Task description
Among the entries below, the lines from the one with "ALLboards Magnet gelb, Kunststoff" up to and including the one with "Design de logotipo colorido cúbico" are to be restated exactly, without pictures.

Excerpted records
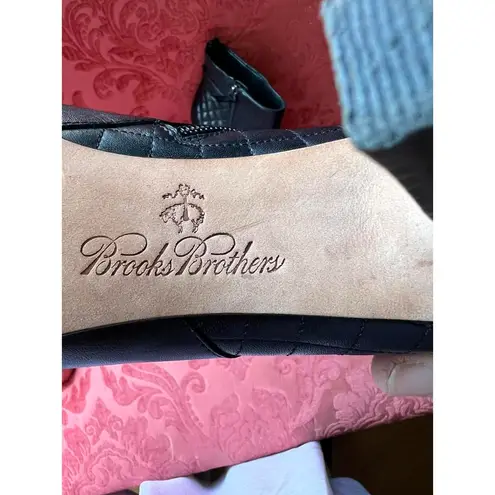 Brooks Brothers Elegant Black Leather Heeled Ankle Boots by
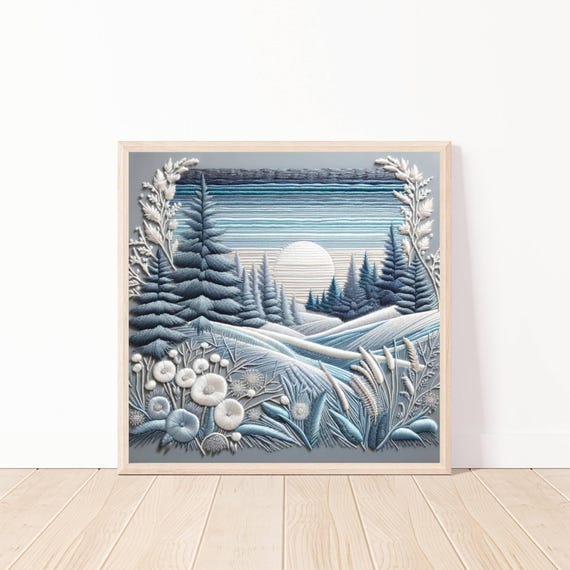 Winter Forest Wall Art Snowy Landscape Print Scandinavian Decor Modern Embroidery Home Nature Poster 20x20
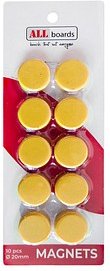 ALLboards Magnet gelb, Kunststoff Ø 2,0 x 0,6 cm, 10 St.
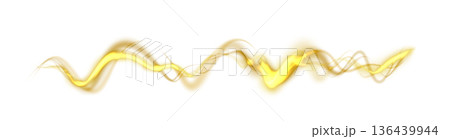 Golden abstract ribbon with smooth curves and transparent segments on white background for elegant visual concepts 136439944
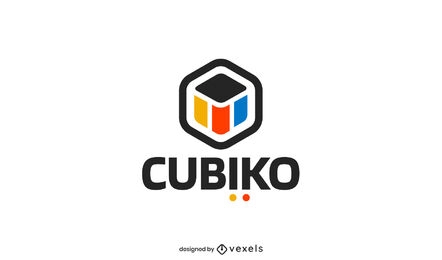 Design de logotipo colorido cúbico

==

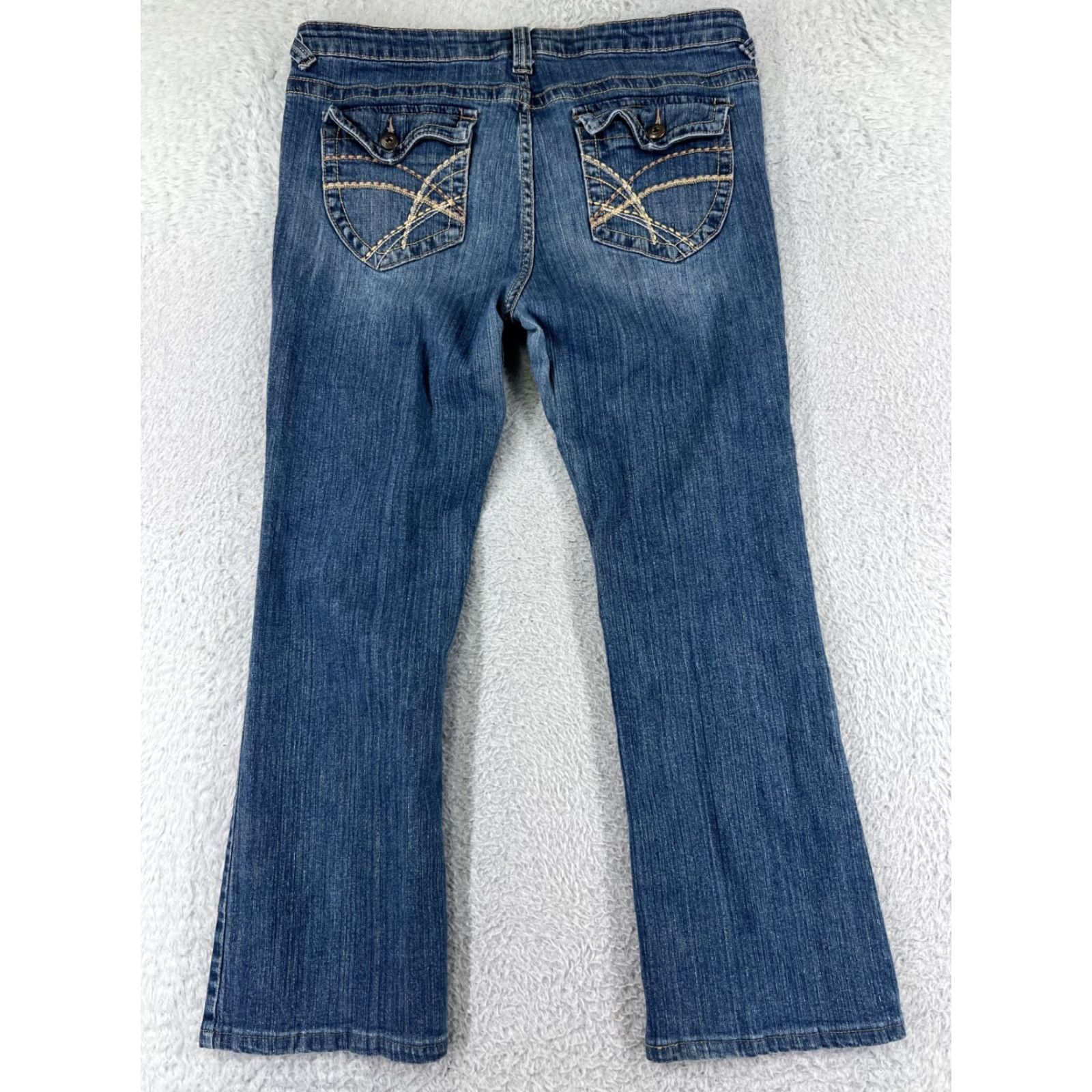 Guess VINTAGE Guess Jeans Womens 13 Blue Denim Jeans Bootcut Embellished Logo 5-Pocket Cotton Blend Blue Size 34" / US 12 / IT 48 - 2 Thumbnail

---

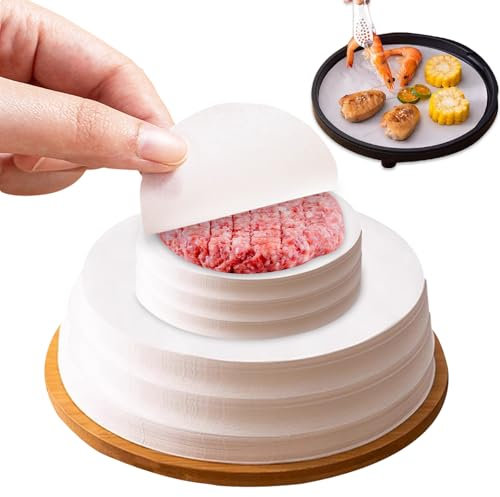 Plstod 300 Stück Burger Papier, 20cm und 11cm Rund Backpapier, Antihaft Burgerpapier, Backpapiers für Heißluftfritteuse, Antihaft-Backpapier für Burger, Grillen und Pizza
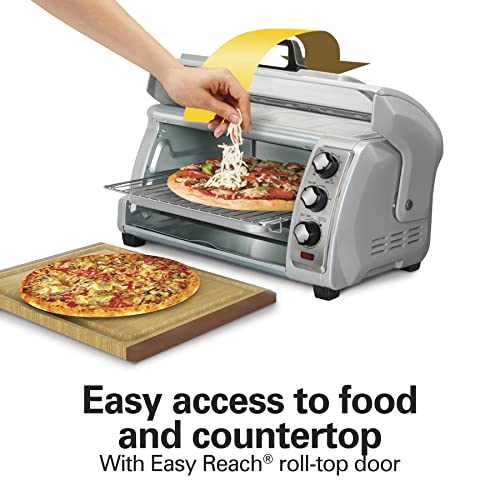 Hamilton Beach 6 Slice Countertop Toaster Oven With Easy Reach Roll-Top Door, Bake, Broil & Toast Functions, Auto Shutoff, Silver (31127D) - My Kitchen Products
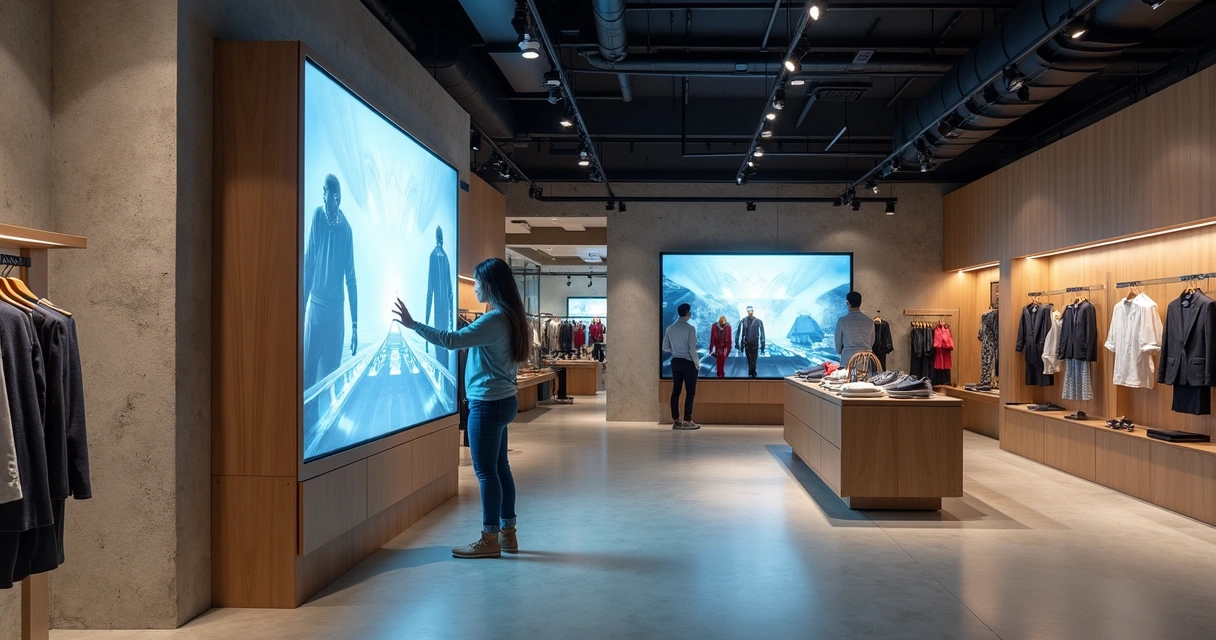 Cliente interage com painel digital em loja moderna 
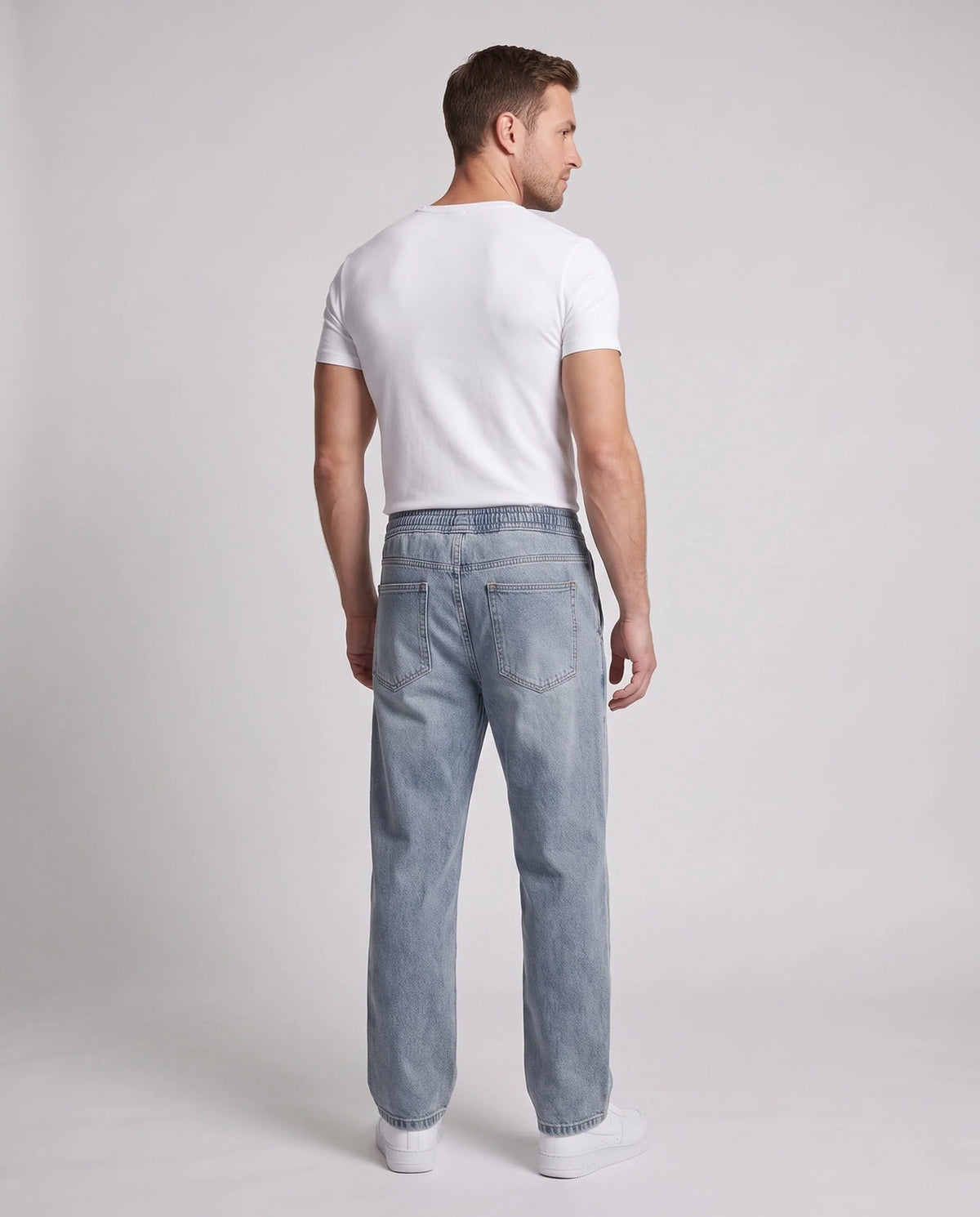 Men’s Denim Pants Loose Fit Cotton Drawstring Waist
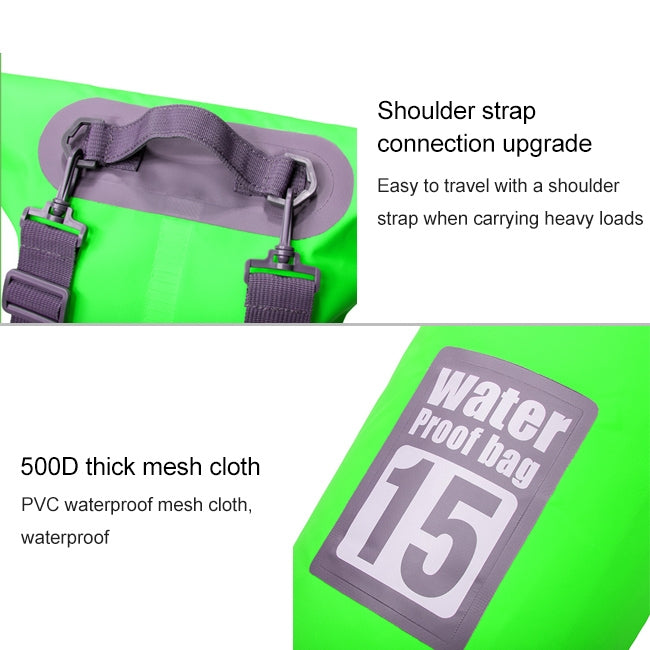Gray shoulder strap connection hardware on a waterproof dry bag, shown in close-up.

Answer to this task
 ALLboards Magnet gelb, Kunststoff Ø 2,0 x 0,6 cm, 10 St.
 Golden abstract ribbon with smooth curves and transparent segments on white background for elegant visual concepts 136439944
 Design de logotipo colorido cúbico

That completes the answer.